In a stock filing, the Chinese carmaker said its total sales in the first six months of the year in China fell 19 per cent year on year to 613,061 units. That is at a time when overall passenger vehicle sales in China fell 21.7 per cent, according to the China Association of Automobile Manufacturers.

Meanwhile, Cathay Pacific Airways, which last week found itself sucked up into fallout from the protests that have rocked Hong Kong, closed down 2.25 per cent at HK$10.42. The city’s flagship carrier is trying to get beyond controversy that damaged its brand with all-important Chinese travellers and led to the ouster of its CEO, Rupert Hogg.

Rising stocks included China Resources Beer Holdings, which jumped 3.1 per cent to HK$43.20, and Sino Biopharmaceutical, which gained 3.6 per cent to HK$10.46.

And AAG Energy, mainland China’s largest non-state controlled producer of natural gas, surged, closing up 7.9 per cent at HK$1.37, after it posted a 64.6 per cent year on year jump in net profit to 338.6 million yuan for the year’s first half.

Hotpot chain Haidilao International Holding’s shares shot up 7.7 per cent to HK34.30. At one point it was at an all-time intraday high of HK$35.3. Haidilao reported on Tuesday that its net profit surged by 41 per cent in the first half from the same period last year.

Yihai International Holding, which supplies condiments to Haidilao, climbed 2 per cent to HK$47.25.

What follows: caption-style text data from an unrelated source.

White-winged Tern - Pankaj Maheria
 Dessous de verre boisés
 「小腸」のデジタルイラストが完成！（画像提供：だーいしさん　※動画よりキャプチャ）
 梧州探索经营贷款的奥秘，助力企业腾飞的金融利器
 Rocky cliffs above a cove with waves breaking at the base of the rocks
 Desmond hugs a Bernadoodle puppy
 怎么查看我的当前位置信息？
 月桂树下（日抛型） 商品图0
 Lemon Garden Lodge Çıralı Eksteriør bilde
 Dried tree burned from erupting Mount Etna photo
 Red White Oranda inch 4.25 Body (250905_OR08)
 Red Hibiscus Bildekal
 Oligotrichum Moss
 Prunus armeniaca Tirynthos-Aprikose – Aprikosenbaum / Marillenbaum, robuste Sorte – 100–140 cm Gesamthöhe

On the mainland, information technology and real estate stocks helped the Shanghai Composite Index limp across the day’s finish line with a claim to gains.

Eleven stocks, representing a range of sectors, ended the day at or near the upside 10 per cent limit. They included Shanghai Shibei Hi-Tech, a real estate business operator based in Shanghai, Shanghai Shenda, a textile importer and exporter, and Dynagreen Environmental Protection Group, which is based in Shenzhen and collects and incinerates garbage.

Meanwhile, Kweichow Moutai slipped 0.37 per cent to 1,066 yuan. That was the eighth consecutive trading day that the world’s largest liquor maker has closed above 1,000 yuan.

It became the first Chinese company to sail across that threshold on July 1, and it stayed there the following day. But then it had a streak where it could not get back to that level.